The inadequate viral suppression observed during the LAM+ADV and ETV+ADV therapies was mainly due to the relatively weak potency of low-dose ADV because switching to high-dose TDF suppressed the HBV DNA to undetectable levels soon after for the patient, and this was supported by previous clinical evidence [23]. Since the HBV genome mutations could be archived in the covalently closed circular DNA (cccDNA) pool and so escape from the direct impact of NAs [24], the suppressed drug-resistance mutants likely re-emerged from the recall of the mutants in the cccDNA pool when the rescue antiviral therapy with combination NAs contained an NA for which resistance had previously arisen. In addition to resistance mutation in HBV RT region, poor response to entecavir of CHB patient was reported to be conditioned by variability of CTL epitopes in HBV S region [25]. In this studied patient, both LAM+ADV and ETV+ADV therapies were administrated for a long period of time with inadequate suppression of HBV resistance mutants, which offered us a rare opportunity to analyse viral immunological adaptation with drug-resistance mutations. As shown in Table 1, seven aa changes in the S-region were identified in the alignment comparison. Four of these were located in known HLA-A2-restricted HBV-specific CTL epitopes, that is, sA45V in epitope s41-49, sT116I in epitope s108-117, sA157V in epitope s150-158 and sW172^*/L/S in epitope s172-180 [16]. These S-region aa changes were not concomitant with aa changes in the corresponding positions of the overlapping RT region, suggesting that they were potentially selected by immune pressure rather than by drug pressure.

The rtA181T+N236T mutant was intermittently detected at S19, S24, S25, S26, S28 and S29 during LAM+ADV therapy, and at S30 and S31 during subsequent ETV+ADV therapy. Interestingly, a re-emergence of rtA181T+N236T mutant was linked with HBV DNA fluctuation at S26 and subsequent slight ALT fluctuation at S27 (Figure 1), with a conversion of sW172stop to sW172L for all rtA181T+N236T mutants, suggesting that the T-cell response might be involved (Table 1).
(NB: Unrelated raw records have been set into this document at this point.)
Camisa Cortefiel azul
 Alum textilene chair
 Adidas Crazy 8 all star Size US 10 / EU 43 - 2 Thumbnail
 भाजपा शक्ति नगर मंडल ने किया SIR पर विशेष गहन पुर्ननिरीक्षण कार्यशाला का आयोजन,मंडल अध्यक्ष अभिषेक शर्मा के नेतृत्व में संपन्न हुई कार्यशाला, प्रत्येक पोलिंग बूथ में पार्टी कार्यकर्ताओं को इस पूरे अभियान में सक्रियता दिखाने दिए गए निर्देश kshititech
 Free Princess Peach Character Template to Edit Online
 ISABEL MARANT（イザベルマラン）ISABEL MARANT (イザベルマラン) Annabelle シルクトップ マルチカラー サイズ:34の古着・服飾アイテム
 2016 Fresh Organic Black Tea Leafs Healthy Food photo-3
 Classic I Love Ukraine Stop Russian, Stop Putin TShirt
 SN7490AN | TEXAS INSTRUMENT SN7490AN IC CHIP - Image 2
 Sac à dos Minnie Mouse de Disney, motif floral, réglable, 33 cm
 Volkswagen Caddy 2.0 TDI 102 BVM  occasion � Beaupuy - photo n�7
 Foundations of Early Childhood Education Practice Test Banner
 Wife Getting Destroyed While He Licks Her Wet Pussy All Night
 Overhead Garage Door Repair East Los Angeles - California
Unlike sW172stop mutation, sW172non-stop mutation maintains the s172-180 (env335-343) epitope, an epitope frequently detected in Chinese patients with acute hepatitis B. Therefore, it is proposed that this sW172stop to non-stop conversion would on the one hand be favourable for viral replication capacity, on the other hand elicit an epitope-specific CTL response that was subsequently unfavourable for viral fitness. A similar phenomenon was observed for the HBV cL60V variation which not only enhanced viral replication, but also elicited a new CTL-specific epitope [26]. In addition, combined aa changes might have clinical relevance. Among the rtA181T+N236T mutant sequences, the sA45-L61-R79 pattern was overwhelmingly found at S19, S24, S25 and S26, but the pattern switched to sV45-L61-H79 at S28, and then switched to the dominant pattern of sA45-S61-R79 at S29 with HBV DNA fluctuations. These together suggested that HBV immunological adaptation via S-region CTL epitopic change might be related to clinical response during long-term NA treatment.

In summary, viral drug susceptibility, replication capacity, and perhaps immunological adaptation, may play coordinated roles for the fitness of drug-resistance mutants. ETV+TDF therapy is the preferred option for treating chronic hepatitis B patients with multiple drug failure. This study provides new insights on HBV drug resistance with clinical implications of the resistance management.

Footnotes

Acknowledgements

This work was supported by National Natural Science Foundation of China (81721002, 81573676, 81371852), and the Deutsche Forschungsgemeinschaft (DFG Transregio TRR60). The funders had no role in study design, data collection and analysis, decision to publish, or preparation of the manuscript.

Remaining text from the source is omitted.